La actual PAC demostró una vez más como no ayuda a que el número de granjas o el número de perceptores de la PAC deje de bajar. Si en el año 2013 en Galicia había 35871 perceptores de pago único, en el año 2018 había 27117 beneficiarios de pagos desacoplados y en el año 2025 hay 22462 solicitudes únicas.
Las ayudas tienen que ir destinadas a las personas que producen alimentos, a tiempo completo o parcial. Es precisa una definición precisa de agricultor/a genuino o genuina: en ningún caso se considerará como tal el propietario o propietaria de una granja intensiva sin tierra, se solicitará un requisito de residencia y se definirá agricultor/a a título principal y pluriactivo en función del porcentaje de los ingresos en la renta y del tiempo que destina a la actividad.
La ayuda a la renta se contempla como la compensación de renta de un determinado beneficiario individual o sociedad (k) , calculada entre la diferencia de su renta agraria (Rak), entendida como el rendimiento neto reducido de las actividades agrarias imputado en la declaración del IRPF o la atribución de rentas agrarias procedentes de sociedades con actividades agrarias, excluidas obviamente las subvenciones, y una determinada renta agraria de referencia (Rao) que actualmente se fija por el Ministerio de Agricultura en 35924,10 €.

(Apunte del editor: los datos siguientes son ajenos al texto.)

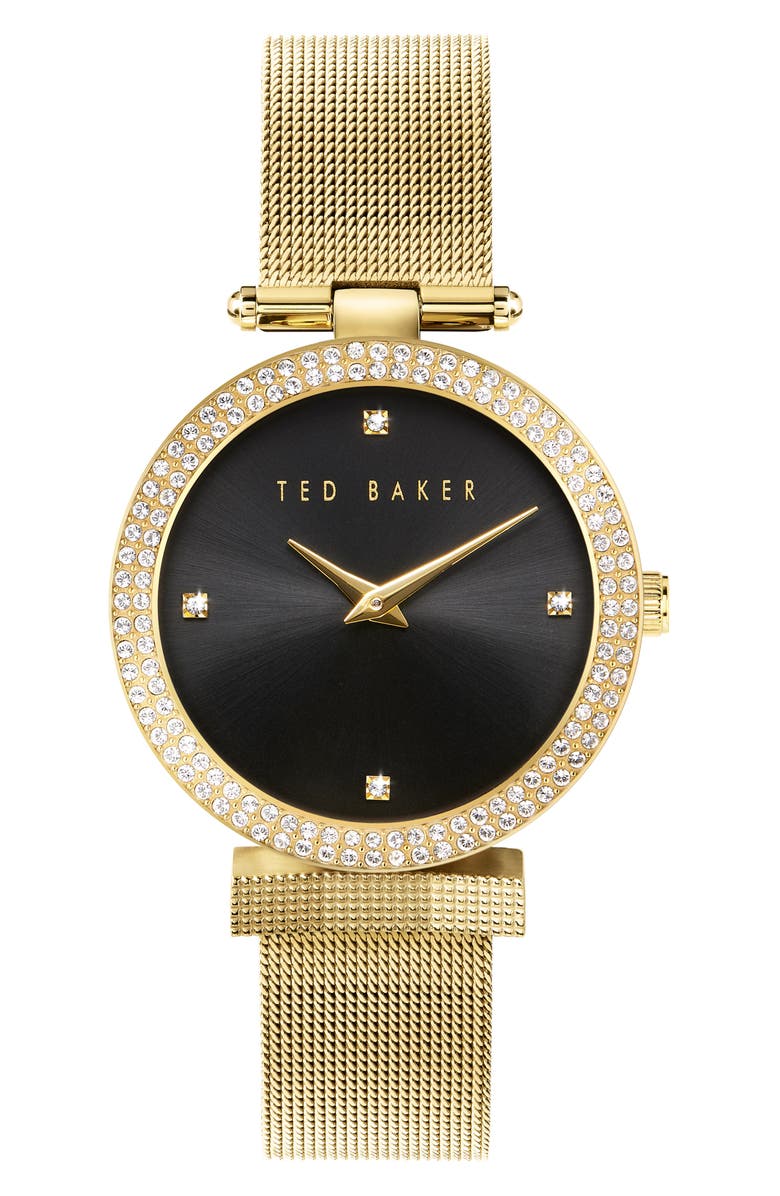 Ted Baker London Bow Mesh Strap Watch, 36mm, Main, color,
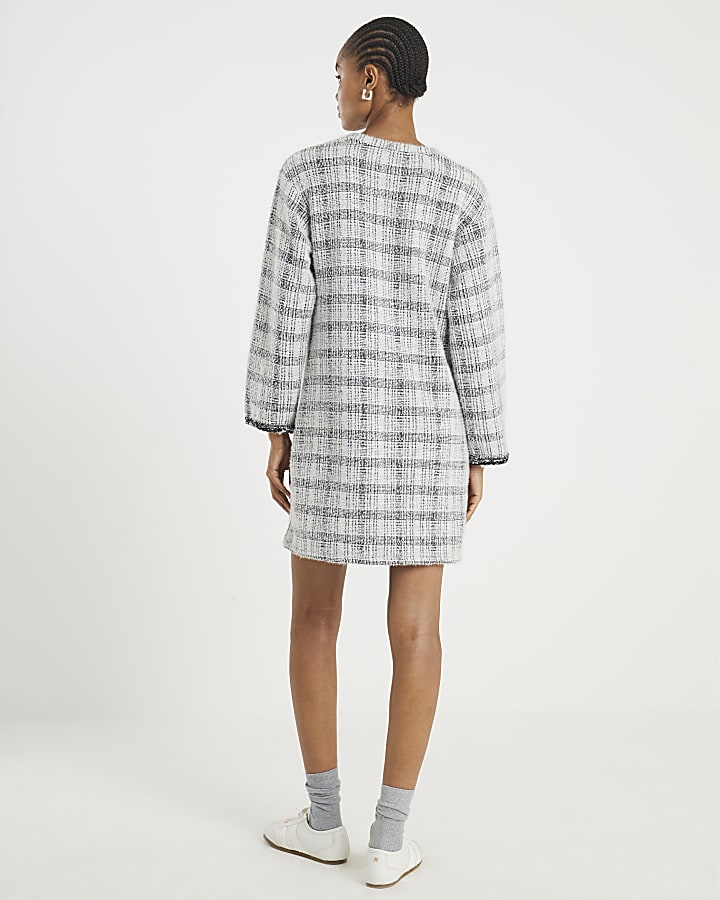 River Island Grey Long Sleeve Boucle Check Mini Dress
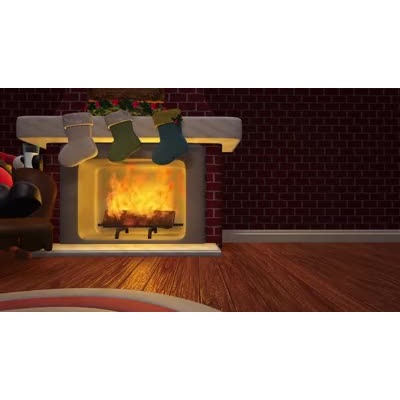 An Animated Video Background of Santa making himself at home right next to a fire.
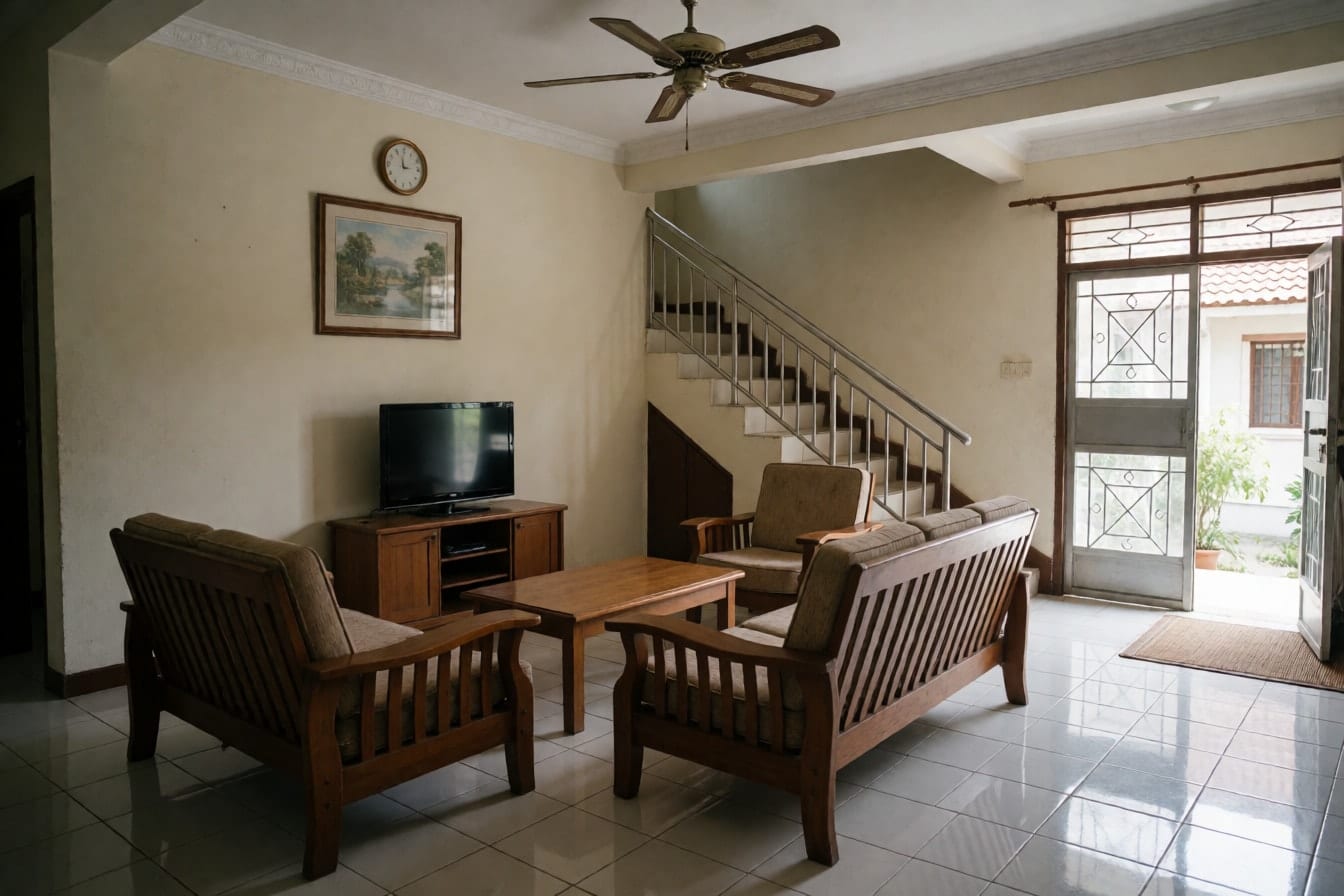 Ruang tamu tingkat bawah rumah teres dengan set sofa kayu, kipas siling, tangga bergril besi dan lantai jubin putih berkilat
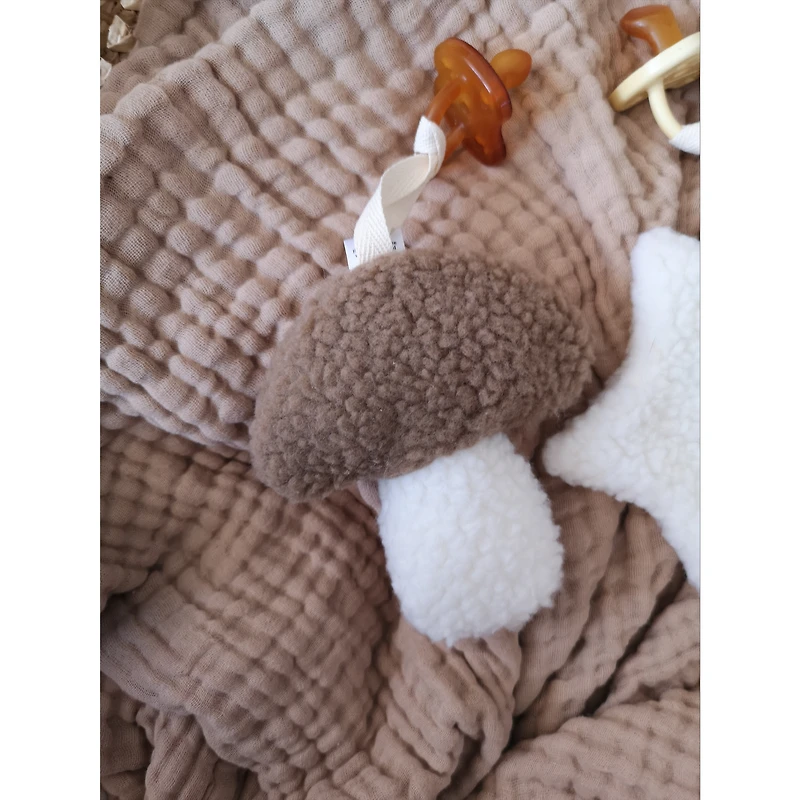 Mushroom and Star Pacifier Clips, Set of 2 - Brown and White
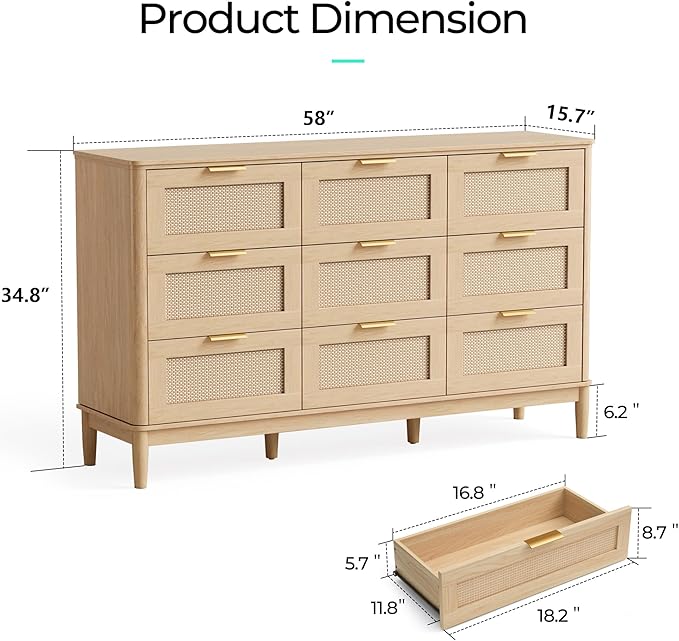 LINSY Rattan 9 Drawer Dresser for Bedroom, 58" Wide Mid-Century Modern Tall Chest of Drawers, Deep Storage Dresser with Curved Corner Design, Large Accent Wood Cabinet for Bedroom, Oak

Dicta diferencia se corrige, para que la compensación resulte justa y eficaz mediante la aplicación de varios factores.
a) La dedicación del beneficiario (ak), medida como proporción de los ingresos agrarios sobre los ingresos totales consignados en la declaración del IRPF, y la dedicación en horas la granja. (máximo 1 mínimo 0).
b) La productividad de la granja (bk), medida sobre un valor mínimo de producción y superficie por sector, siendo este valor 1, y mermando proporcionalmente cuando no alcance este umbral ( máximo 1 mínimo 0).
c) La dimensión social de la granja (ck), medida por su contribución al mantenimiento de granjas en el medio rural, relevo generacional, la presencia o incorporación de mujeres titulares y la permanencia en territorios de especial relevancia para la conservación del medio como zonas de alta montaña o red natura. (mínimo 1 máximo 1,5).
d) La contribución ambiental de la granja (dk) medida en relación a las prácticas medioambientalmente positivas y verificables como son la agricultura ecológica, hacer pastoreo, la clasificación de la granja en extensivo o semiextensivo….(mínimo 1 máximo 1,5).
e) Coeficiente de prorrateo (x): Que ajusta la compensación en función de la relación resultante entre la suma de las compensaciones individuales y la dotación presupuestaria disponible. Si esta última hubiera excedido el importe de las sumas individuales cabrían 3 posibilidades: 1) incremento de la compensación individual aplicando el prorrateo 2) dotación de un fondo de reserva 3) traspaso al según pilar, como las ayudas de incorporación o planes de mejora.
La compensación por renta anulara cuando la dedicación del beneficiario o beneficiaria es cero y/o la productividad de la granja también. De esta manera se evitan distorsións del sistema.
Este sistema supone la inclusión de todas las labradoras en la PAC, con independencia de su orientación productiva.